For the five-member Board of Supervisors, the decision to legalize syringe 
exchange was easy. After 457 cases of Hepatitis C were reported last year, 
Dr. Scott Morrow, Director of the Public Health Division of the County 
Health Services Agency said a recently formed Hepatitis C Task Force 
reported that needle exchange was an important Hepatitis C prevention strategy.
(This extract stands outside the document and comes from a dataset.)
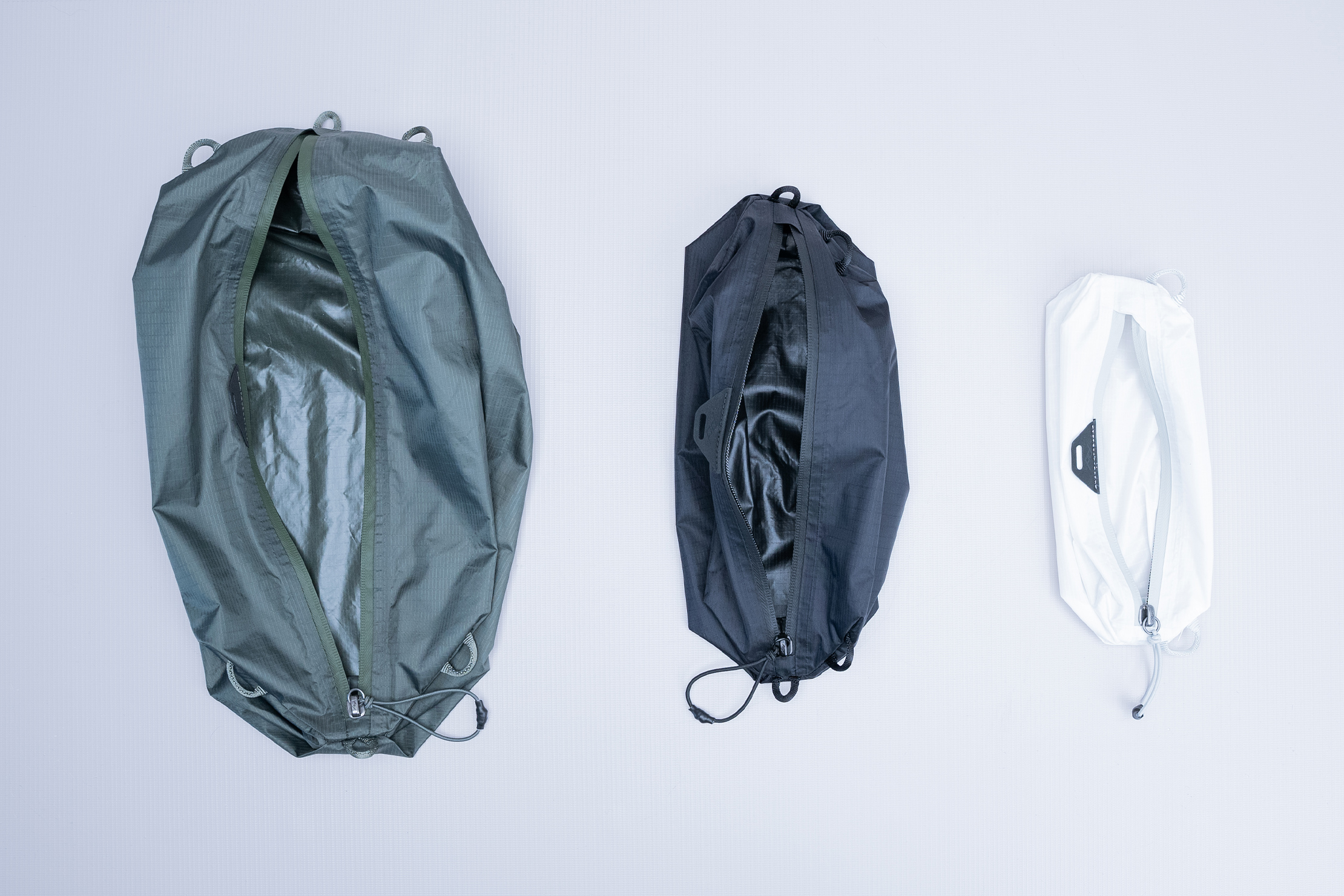 Peak Design Ultralight Packing Cubes Empty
An October decision by the state legislature, which waived criminal 
penalties if a local emergency was declared, paved the way for the board's 
recent decision.

"For me, it was an obvious and clear need because there was a serious risk 
for health," Supervisor Jerry Hill said. "It saves lives and it prevents 
the spread of those two tragic diseases, AIDS and Hepatitis C."

Hill said he is also in favor of a drop-in clinic somewhere in the county - 
perhaps co-locating it with a permanent homeless shelter.

"When we're looking for a site for a homeless shelter - not just an 
emergency winter shelter but one with a year-round use - we can offer some 
counseling and job support to provide a continuum of care," Hill said.

The emergency ordinance to make syringe exchange legal, John Conley, deputy 
director of public health said, essentially opens the door for additional 
funding for more needle exchanges in the county.

"This gives Tranchina some legal protection and hopefully it'll be a good 
fundraising tool," he said.

As executive director of the AIDS/Hepatitis Prevention Action Network and 
director of the Peninsula syringe exchange program, Tranchina said he'll be 
looking for more funding when a six month grant from the Peninsula 
Community Foundation runs out in June.

"They have needle exchange in Silicon Valley," Tranchina said. "So if we 
can't convince people that this is a good idea - then we should stay home."